● **ENTRIES SUPPLIED**
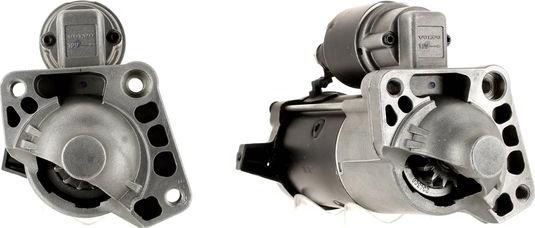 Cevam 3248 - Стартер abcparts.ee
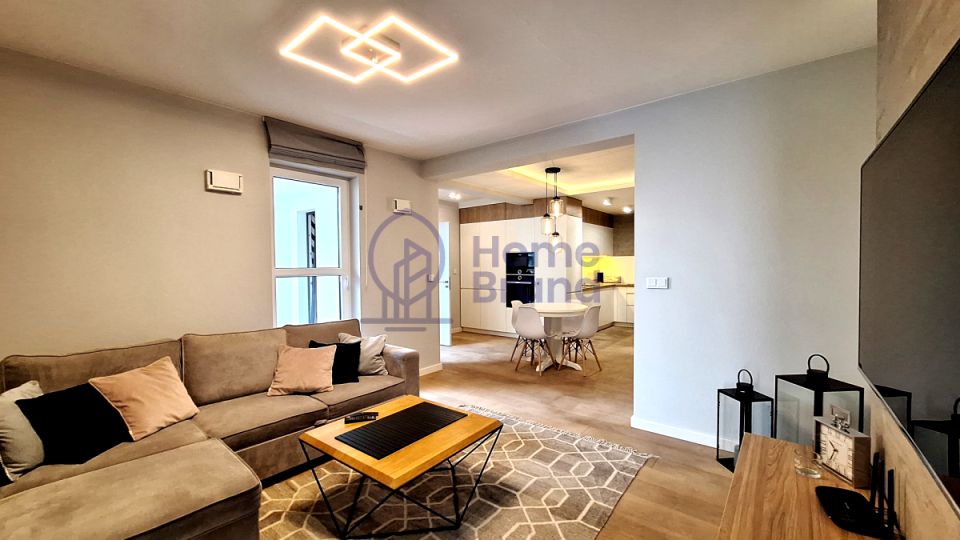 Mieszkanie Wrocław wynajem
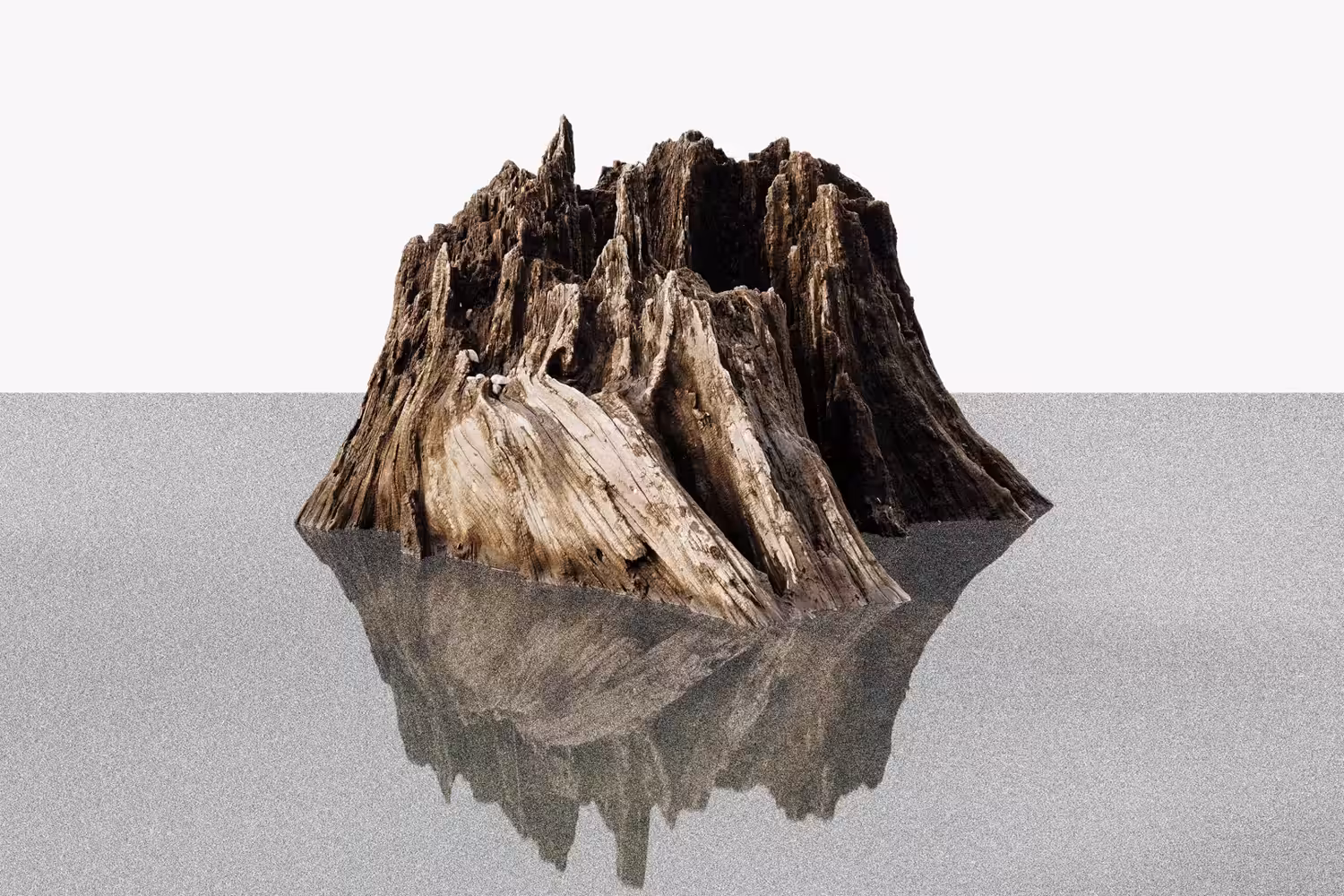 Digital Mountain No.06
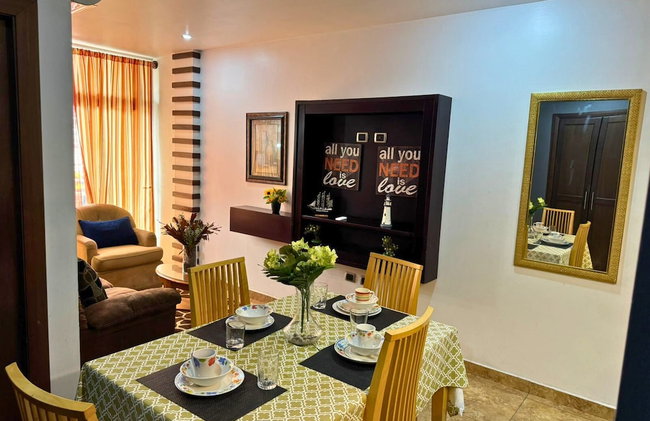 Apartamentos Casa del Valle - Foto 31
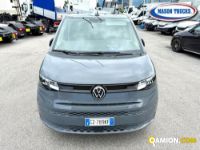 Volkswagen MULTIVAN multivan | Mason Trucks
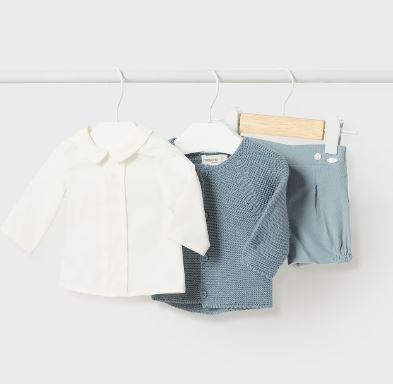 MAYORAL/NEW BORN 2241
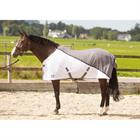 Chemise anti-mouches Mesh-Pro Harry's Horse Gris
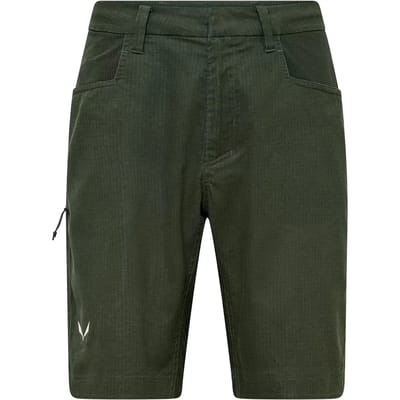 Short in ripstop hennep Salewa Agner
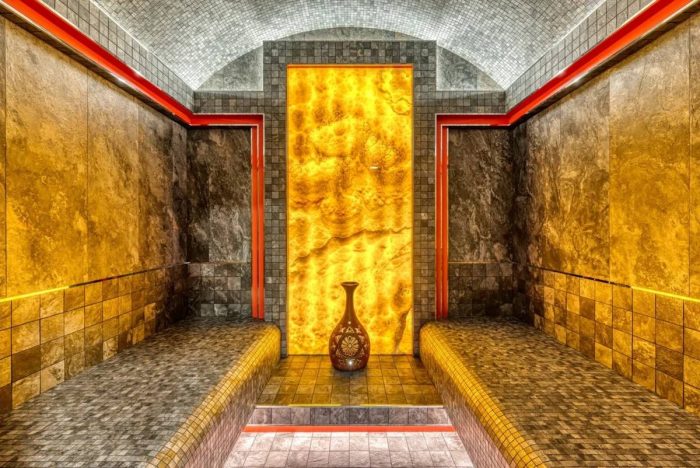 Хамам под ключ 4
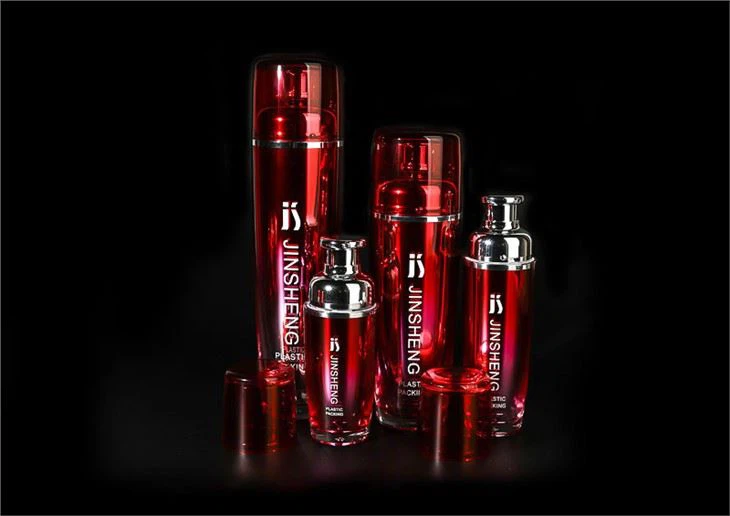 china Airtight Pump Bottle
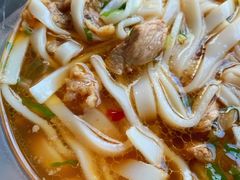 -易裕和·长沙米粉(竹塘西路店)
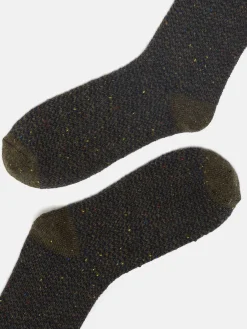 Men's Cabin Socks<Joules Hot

==

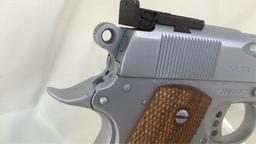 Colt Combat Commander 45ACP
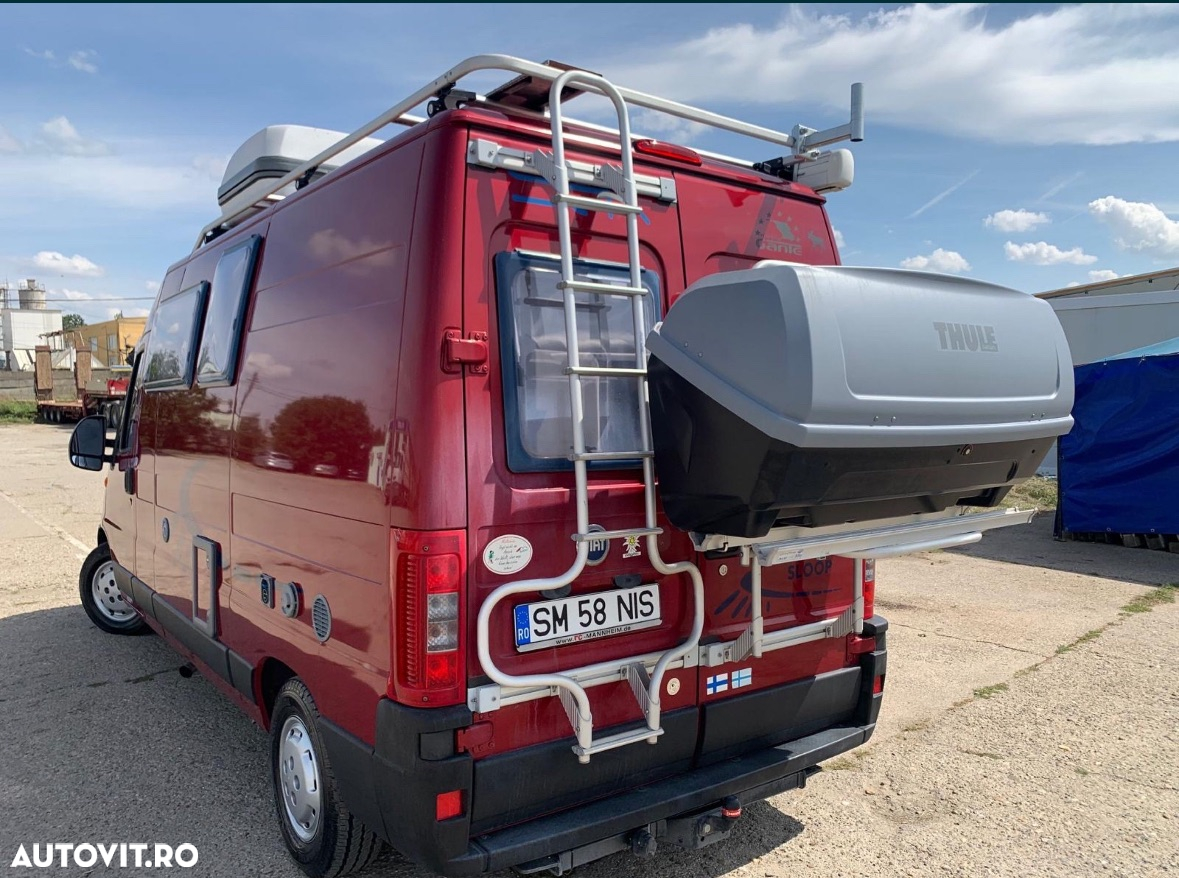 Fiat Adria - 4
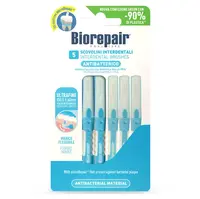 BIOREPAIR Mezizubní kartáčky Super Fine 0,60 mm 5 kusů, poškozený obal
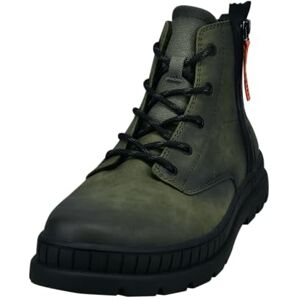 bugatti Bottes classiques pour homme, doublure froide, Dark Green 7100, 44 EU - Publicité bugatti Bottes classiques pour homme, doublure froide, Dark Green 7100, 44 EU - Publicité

--

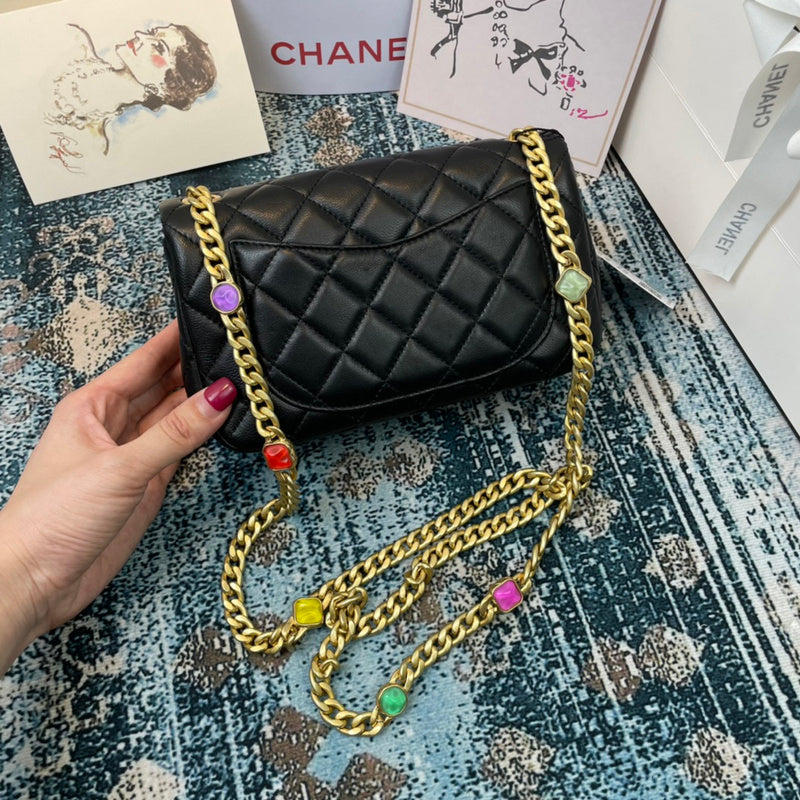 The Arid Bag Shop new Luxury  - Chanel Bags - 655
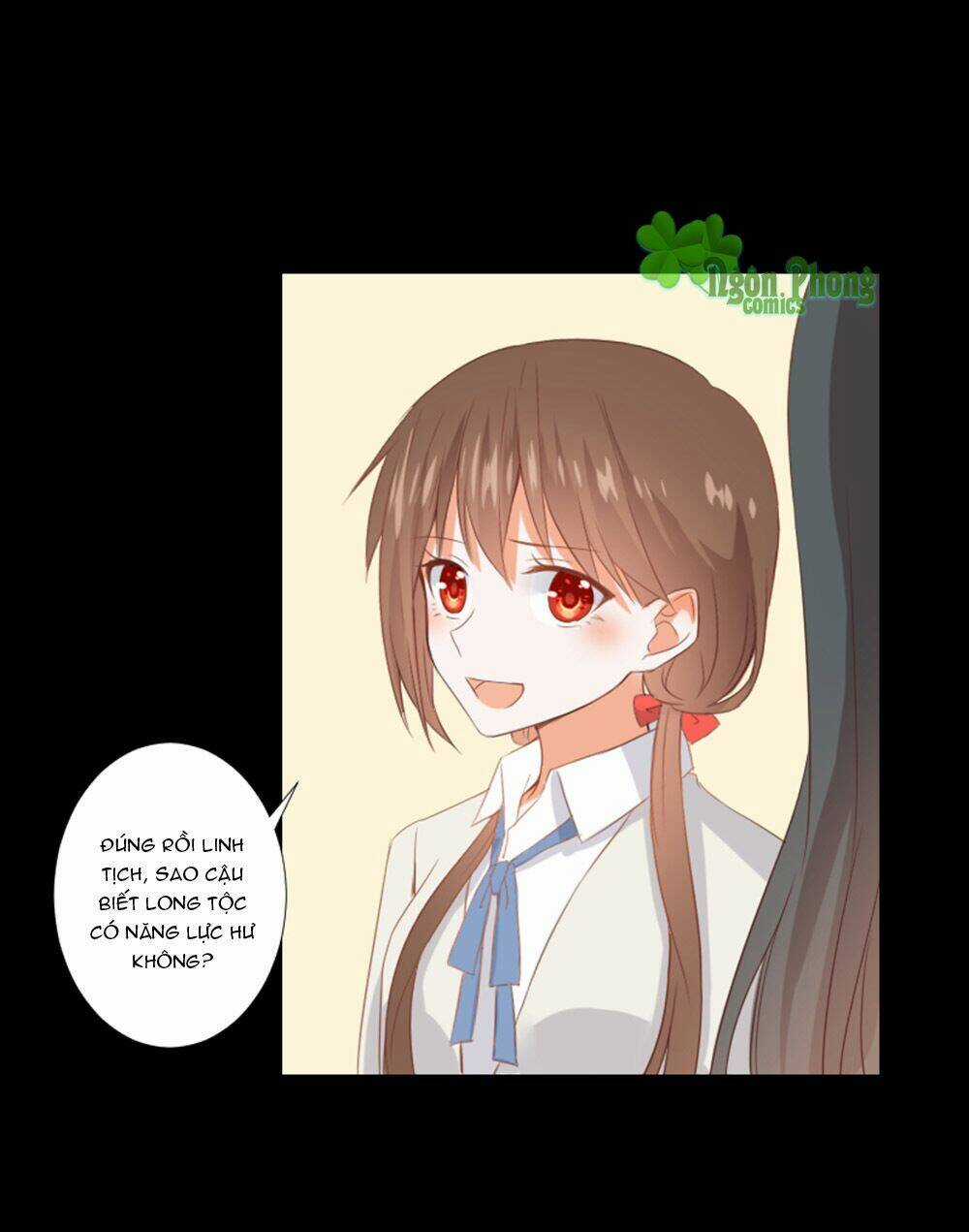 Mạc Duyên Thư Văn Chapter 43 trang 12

● **EXERCISE REQUIREMENTS**
Although the records above contain pictures, the copy should not; retype exactly the lines from the one containing "Cevam 3248 - Стартер abcparts.ee" through the one containing "Chemise anti-mouches Mesh-Pro".

● **RESULT OF THE TASK**
 Cevam 3248 - Стартер abcparts.ee
 Mieszkanie Wrocław wynajem
 Digital Mountain No.06
 Apartamentos Casa del Valle - Foto 31
 Volkswagen MULTIVAN multivan | Mason Trucks
 MAYORAL/NEW BORN 2241
 Chemise anti-mouches Mesh-Pro Harry's Horse Gris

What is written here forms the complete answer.